» **SOURCE DATA**:
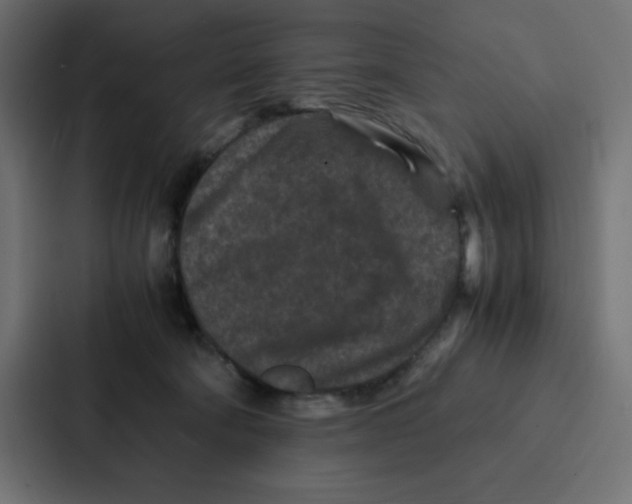 X0000087060322200705161017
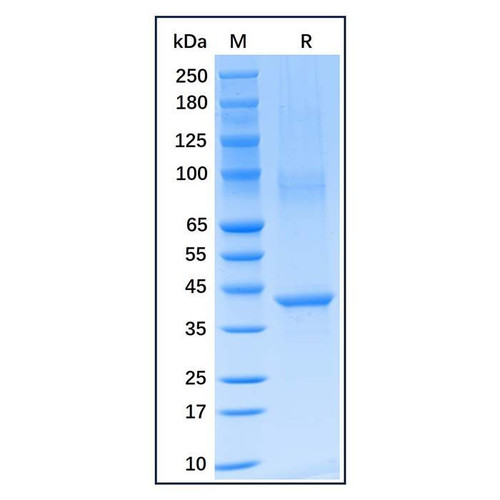 recombinant human aurora b protein (c09-1186-187)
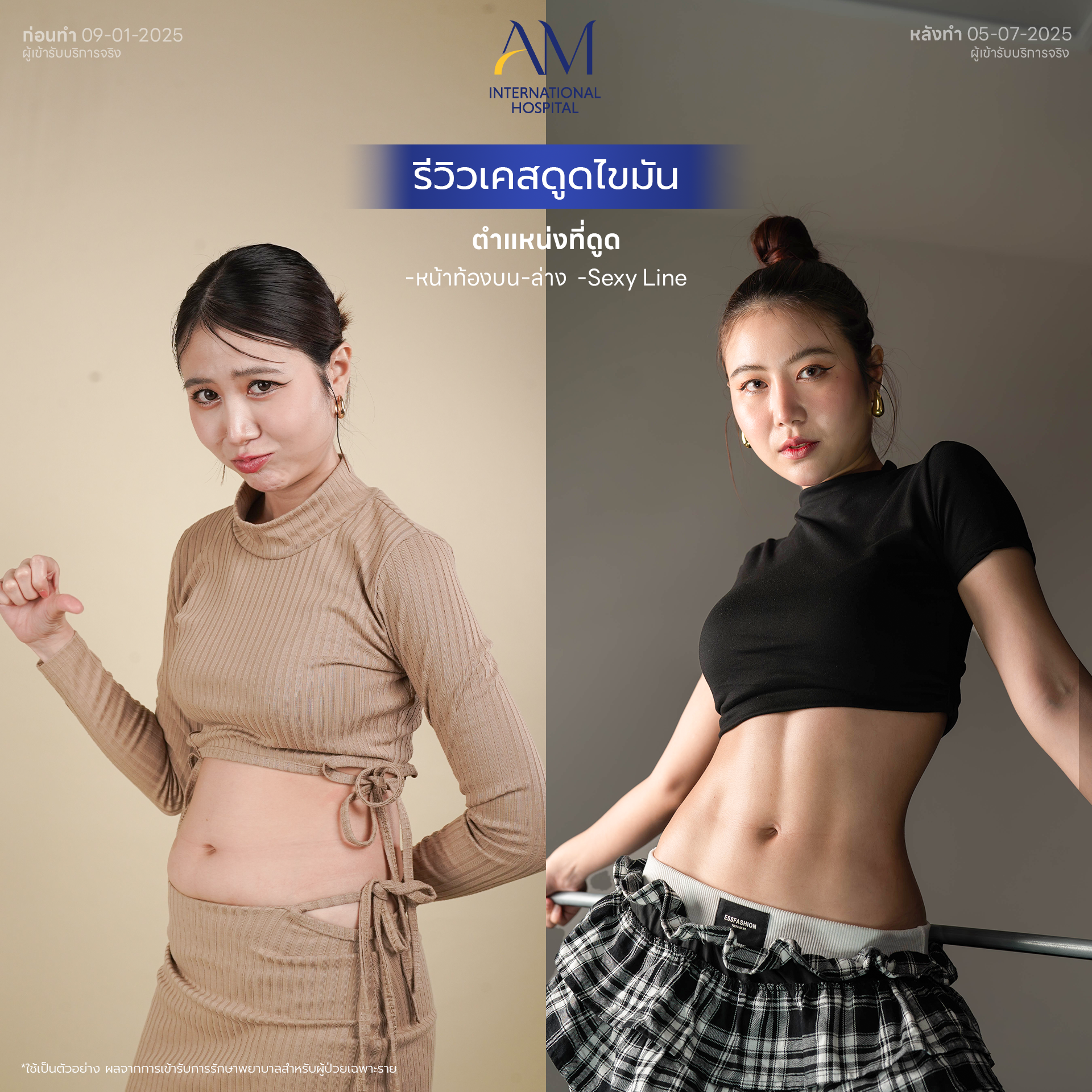ดูดไขมันที่ไหนดี ราคาดี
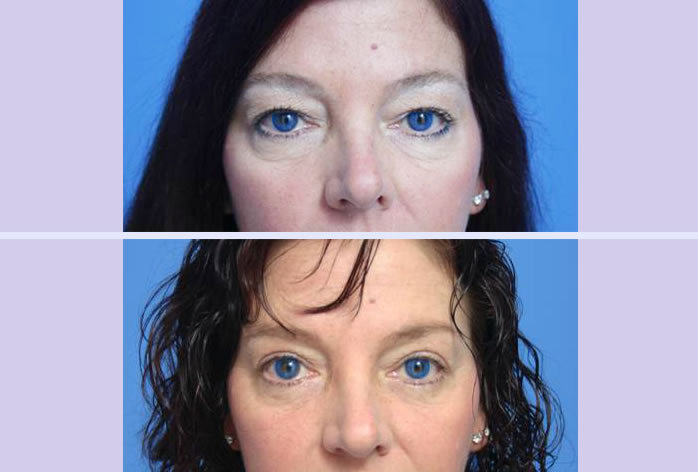 Before and After Image: blepharoplasty – case 6 - front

» **WHAT THE TASK REQUIRES**: Return the full listing above exactly as written, and omit the pictures.

» **OUTPUT BELOW**:
 X0000087060322200705161017
 recombinant human aurora b protein (c09-1186-187)
ดูดไขมันที่ไหนดี ราคาดี
 Before and After Image: blepharoplasty – case 6 - front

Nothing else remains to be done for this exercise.